Thank you for this post! I won’t be using TE anymore in the foreseeable future.

It’s such a shame, TE was a great idea in theory. The ridiculous entry fees were one thing, but I never knew the devs were onto some shady stuff too.


----------



## Llunavale (Apr 25, 2020)

Please be aware the only thing we as players should be weary of is how TE access player data in order to determine whether or not we're online or whether an island is online at all. This has been a particular concern of mine since finding out about the service - to my best knowledge, Nintendo don't offer any sort of API or feed that developers can use to determine if an island is online and who is on it, which means it's likely to be reverse engineered and in that case does, without question, directly violate the Nintendo ToS.
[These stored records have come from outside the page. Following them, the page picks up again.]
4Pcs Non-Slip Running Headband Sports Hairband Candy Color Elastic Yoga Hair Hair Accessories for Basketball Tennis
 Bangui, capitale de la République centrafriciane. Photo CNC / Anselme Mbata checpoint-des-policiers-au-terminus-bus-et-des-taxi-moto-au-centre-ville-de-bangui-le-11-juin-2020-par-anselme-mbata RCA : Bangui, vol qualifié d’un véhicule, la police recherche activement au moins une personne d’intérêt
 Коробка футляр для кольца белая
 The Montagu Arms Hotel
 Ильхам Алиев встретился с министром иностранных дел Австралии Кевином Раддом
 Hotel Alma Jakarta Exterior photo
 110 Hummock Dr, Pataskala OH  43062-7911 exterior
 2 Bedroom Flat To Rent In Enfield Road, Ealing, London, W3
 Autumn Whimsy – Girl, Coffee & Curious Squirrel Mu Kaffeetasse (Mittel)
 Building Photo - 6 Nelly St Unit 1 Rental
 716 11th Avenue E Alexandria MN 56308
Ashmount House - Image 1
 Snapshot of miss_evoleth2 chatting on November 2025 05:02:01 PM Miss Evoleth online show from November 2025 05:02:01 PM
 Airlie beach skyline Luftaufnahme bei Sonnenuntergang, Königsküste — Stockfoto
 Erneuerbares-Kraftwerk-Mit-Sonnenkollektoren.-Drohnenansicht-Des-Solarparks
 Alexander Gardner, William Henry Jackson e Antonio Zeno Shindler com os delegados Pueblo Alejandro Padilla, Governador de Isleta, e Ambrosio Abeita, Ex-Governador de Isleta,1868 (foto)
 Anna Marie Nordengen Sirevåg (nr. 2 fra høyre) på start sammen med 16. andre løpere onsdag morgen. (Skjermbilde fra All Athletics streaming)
Spoiler: Regarding the other complaints about the service...



A lot of the other concerns (like the Patreon - which isn't just for TE, it's for a previously-established podcast and has probably received money for longer than TE has existed) are personal opinions on the matter and should not take precedence over the real issue here. Players being scammed - it sucks, but that's not necessarily a fault of TE. I've seen threads even on this forum of people who have ran into people who scam, charge a lot for entry or ruin aspects of their town. That can happen anywhere.


----------



## Khaelis (Apr 25, 2020)

The first time (and only time) I used the site, I felt incredibly off. The reddit post and twitter thread basically confirmed my gut feeling of why I was feeling off. 

The site isn't just a normal queue, its definitely doing some off-site stuff and accessing things it shouldn't.


----------



## thegunpowderincident (Apr 25, 2020)

I used turnip exchange once, and it was a negative experience. The site feels sketchy, and I wouldn’t mind seeing it lose its popularity, including being banned on TBT. The TOS concerns are pretty unsettling too.. I hope it won’t cause issues with the Nintendo Switch Online accounts of anyone who used turnip exchange (including myself).


----------



## ElliotAdoresYou (Apr 25, 2020)

yeah it’s pretty sketchy, I’ve hosted on there once and I got kicked out of my own island. I have no idea how, it just sent me back to the homepage and there’s no way to get back in as a host. I felt bad for everyone in my queue but I couldn’t do anything about it, it sucked


----------



## daisyy (Apr 25, 2020)

very interested to see a response on this from staff... i'm honestly not sure who to believe at this point as each side is painting the other side poorly. the stalk market has great points but also stands to benefit with their own discord service and it's hard to tell if this is just blown up drama or something to be really concerned about using?


----------



## Llunavale (Apr 25, 2020)

daisyy said:


> very interested to see a response on this from staff... i'm honestly not sure who to believe at this point as each side is painting the other side poorly. the stalk market has great points but also stands to benefit with their own discord service and it's hard to tell if this is just blown up drama or something to be really concerned about using?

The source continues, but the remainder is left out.